CONTEMPT

Reviewed 12/27/2005

Contempt, by Catherine Crier

CONTEMPT
How the Right Is Wronging American Justice
Catherine Crier
New York: Rugged Land Books, 2005

Rating:

4.0

High

ISBN-13 978-1-59071-064-7
ISBN 1-59071-064-9 296pp. HC/BWI $27.95

The appearance of Catherine Crier's new book belies its quality. Although Ms Crier's well-composed photograph on the cover shows her to be both beautiful and formidable, the book's production values otherwise suggest a flawed and hasty effort.1 The Table of Contents is all in capitals, and gives no page numbers. The text is set in smallish type. There are formatting errors like a string of ten words with no spaces between them (apparently due to the publisher's proportional-spacing software), and the last line of page 30 is duplicated on the next page. The revised Bill of Rights (intended to depict the changes the Right would make in it) is done sloppily. Many tables and figures could be improved. Chapter headings match subchapter headings; the latter should be smaller. In at least two places, the sense of a passage is destroyed by an unwanted "not". Other passages are simply nonsensical. There are the typical misspellings and errors of number. There is no index.

All these defects (which are almost certainly due to the book's tight production schedule) can be set aside and ignored. For Ms Crier, herself a former judge in Texas, has caused to be assembled between these covers a remarkably thorough compendium of the depredations of the Religious Right against the federal judicial system, and of arguments to counter them. Those arguments are cogent; they draw on historic documents like the Federalist Papers and other writings of the Founding Fathers, on case law from the Supreme Court and other courts, and on the often outrageous words of the Religious Right themselves.2

What Ms Crier has come to understand, and what she wants every American to understand, is simply this: The Religious Right, having put George W. Bush in the White House, and having subsequently won control of the Congress, now seeks to get a majority of cooperative judges in place on as many federal courts as possible. If these ultraconservatives can accomplish that, they will have removed the last obstacle to their agenda. And what is that agenda? Ms Crier posits that it is a radical transformation of American society along Biblical lines — assuming the Bible advocates tort reform, freeing business from minimum-wage laws and other regulation, abolishing the estate tax, and forbidding abortion.

There's plenty of material between the covers of this book to back up her claims.

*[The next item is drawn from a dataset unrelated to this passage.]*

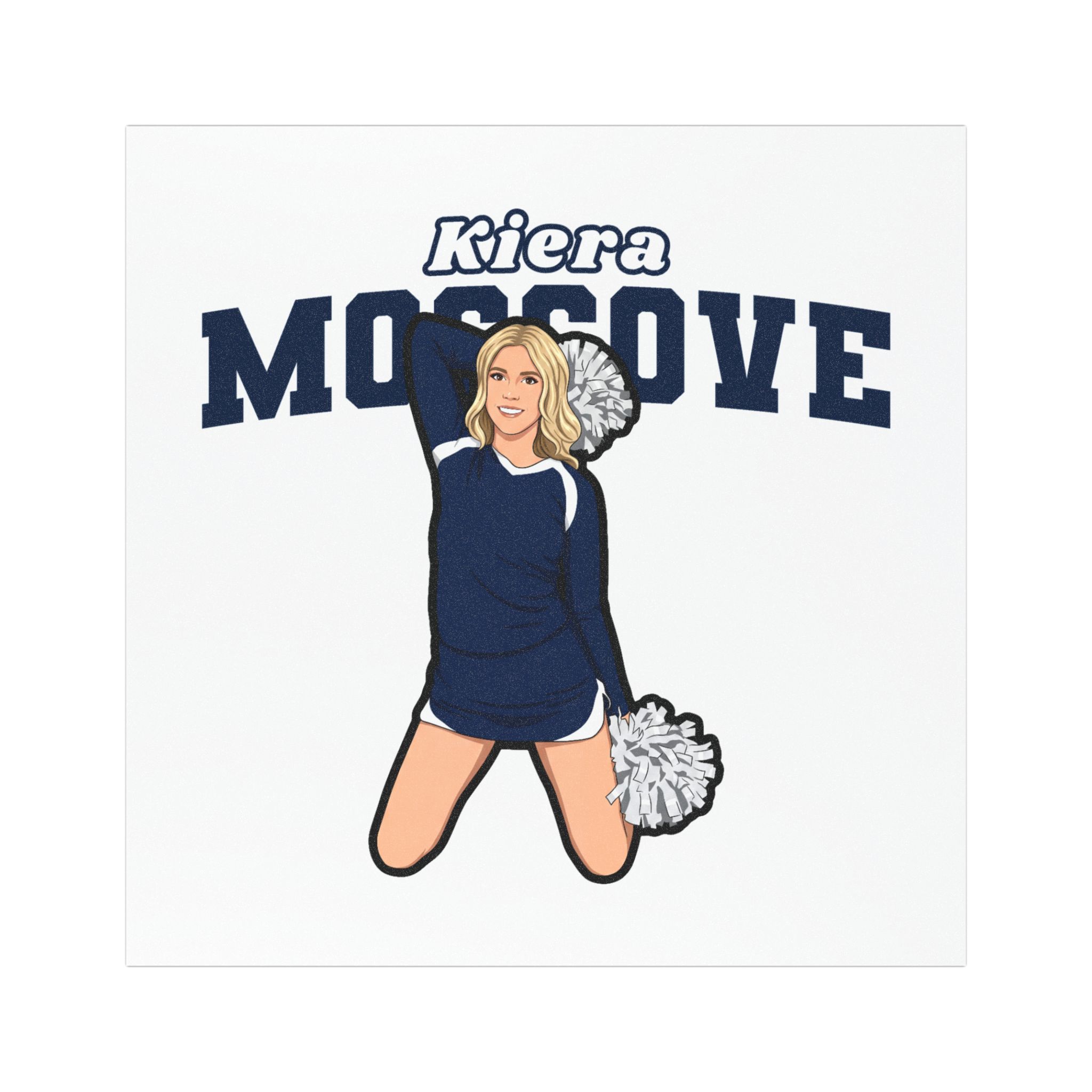 Car Magnets — character_name_arch in Classic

She tracks the actions of many of the movers and shakers of the Right, few of whom are household names, and shows how they have pushed the agenda she describes forward. Twenty of them are profiled at the back of the book. Crier also provides a backgrounder on the workings of the federal judicial system, from the Supreme Court on down. She examines the actions of the Founding Fathers at the Continental Congress of 1787, and quotes from their writings, to show that they sought a government unentangled with religion, carefully designed to prevent just such a subversion as Ms Crier warns us about.

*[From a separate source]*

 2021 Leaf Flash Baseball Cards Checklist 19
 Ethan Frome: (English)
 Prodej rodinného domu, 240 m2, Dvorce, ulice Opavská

The book has many shortcomings. Most, as I noted, are production items and can be overlooked, especially given the need to get the book into print by an external deadline. It could have been better organized, and I think the lack of an index is a serious impediment to its usefulness. Still, I'll recommend it with a rating of 4.0. This matter of the Right's burgeoning influence affects all of us, and Contempt is the best coverage of that I've found so far.

1 In her acknowledgements, she reveals that it was indeed a hasty production effort, rushed in order to get it out the door in time for the Supreme Court debates.
2 Compiled by a team of astute and indefatigable researchers.